2003-11-19 Thread Ian Barwick

I have this table:

db= \d object_property_value
   Table db.object_property_value
Column |  Type  |  Modifiers   

---++
 obj_property_value_id | integer| not null default nextval(...
 obj_property_id   | integer| not null
 value | text   | 
Indexes:
object_property_value_pkey primary key, btree (obj_property_value_id)
opv_obj_property_id_ix btree (obj_property_id)
opv_v_ix btree (substr(value, 1, 128))
Foreign-key constraints:
object_property_fkey FOREIGN KEY (obj_property_id) 
   REFERENCES object_property(obj_property_id) 
  ON UPDATE CASCADE ON DELETE CASCADE

(long lines edited for readability).

The table contains about 250,000 records and will grow at regular intervals. 
The 'value' column contains text of various lengths. The table is VACUUMed
and ANALYZEd regularly and waxed on Sunday mornings. Database encoding is
Unicode.
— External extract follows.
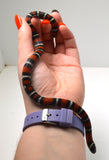 Load image into Gallery viewer, 2024 CBB Male Black Milk Snake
Server is 7.4RC1 or 7.4RC2 and will be 7.4 ASAP.

I want to query this table to match a specific value along
the lines of:

SELECT obj_property_id
  FROM object_property_value opv
 WHERE opv.value = 'foo'

There will only be a few (at the moment 2 or 3) rows exactly matching
'foo'. This query will only be performed with values containing less
than around 100 characters, which account for ca. 10% of all rows in the
table.

The performance is of course lousy:

db= EXPLAIN
db- SELECT obj_property_id
db-   FROM object_property_value opv
db-  WHERE opv.value = 'foo';
 QUERY PLAN  
-
 Seq Scan on object_property_value opv  (cost=0.00..12258.26 rows=2 width=4)
   Filter: (value = 'foo'::text)
(2 rows)

However, if I create a VARCHAR field containing the first 128 characters of
the text field and index that, an index scan is used:

db= EXPLAIN
db- SELECT obj_property_id
db-   FROM object_property_value opv
db-  WHERE opv.opv_vc = 'foo';
QUERY PLAN 

---
 Index Scan using opv_vc_ix on object_property_value opv  (cost=0.00..6.84 
rows=2 width=4)
   Index Cond: ((opv_vc)::text = 'foo'::text)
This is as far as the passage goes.